Here is a list of Unitarians, Universalists, and Unitarian-Universalists.
Perhaps this doesn’t belong on the Evangelical Universalists website, but you may find it interesting nonetheless. Click on the number beside each name for details:
Thanks Paidion -
That’s’ really useful! (What think you Pog?)
I’m on holiday for a week or so now, so I’ll pick it up when I get back … But it certainly looks like I’ll be using it, thanks Paidon . More the merrier!
de Benneville, George (1703- 1793) English born physician from an émigré French Huguenot Family who became a Pietist Universalist who took the Universalist Gospel to America. Raised as a Calvinist, at around 12 years of age de Benneville was sent to sea and while in Algiers, he observed that the behaviour of some Moors who had been attending a fallen friend was more Christian than his own. After experiences of despair and then visionary consolation of salvation he reported to the French Calvinist church in London that, “I could not have a doubt but the whole world would be saved by the same power.” He was expelled. At seventeen de Benneville felt called to preach in France to an underground group of Protestants, the Camisards and, under severe persecution, he was sentenced to death but reprieved at the last moment. He moved to Germany where he became associated with various universalist groups: the Pietists in Berleberg, Wittgenstein, the Dunkers, the Schwenkfelders, the Philadelphians, and the Rosicrucians. While in Germany he became sick to the point of death and had a near Death Experience while placed in his coffin. He was given a vision of heaven and hell and while in hell his compassion was such that “I took it so to heart that I believed my happiness would be incomplete while one creature remained miserable.” He recovered with a renewed mission: to preach “the universal and everlasting gospel of boundless, universal love for the entire human race.” He sailed to America in 1724 with other Pietist exiles and made his home in Germantown Pennsylvania where he helped prepare that Sauer/Sower version of the Bible, marking out the universalist passages that Sower then set in boldface. In his missionary tours he exchanges knowledge of herbal remedies wit Native Americans, was always welcome in Dunker pulpits and with the universalist Rogerine Baptists, and often stayed at the semi-monastic universalist community as Epaharata cloisters. Elhanan Winchester, who had been attracted to Universalism when he read Siegvolk’s The Everlasting Gospel (which de Bernville brought to America), met de Benneville in 1781. Between 1781 and 1787 de Benneville took Winchester on missionary tours into Pennsylvania and Virginia. Winchester later said of de Benneville that “such an humble, pious, loving man I have scarcely ever seen in my pilgrimage through life.”
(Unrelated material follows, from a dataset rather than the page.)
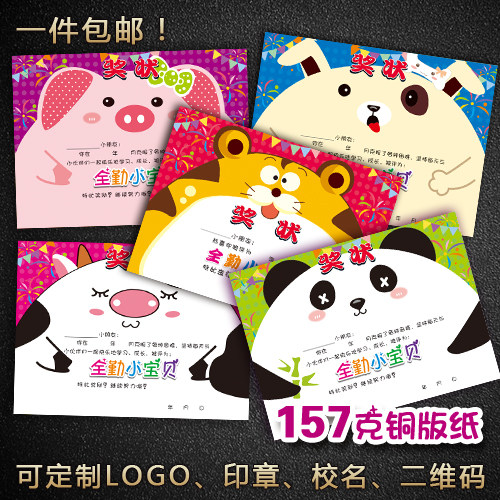 A4 Premium Kindergarten Cute Cartoon Small Animal Full Attendance Small Stars Full Attendance Baby Award-Like Wholesale Customization-Taobao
‘[The voice of the messenger angel says] And then thou shalt be reconducted into thine earthly tabernacle for a time and half a time and shall preach to the lower world the universal gospel and that the most holy trinity hath a pure universal love towards all the human race without exception, and towards each one in particular. “The fountain of grace bless and preserve thee, and cause his face to shine upon and in thee, and enlighten thine understanding both in time and eternity. Amen’. (Life and trance of Dr. George De Benneville, Pennsylvania 1882, p.39)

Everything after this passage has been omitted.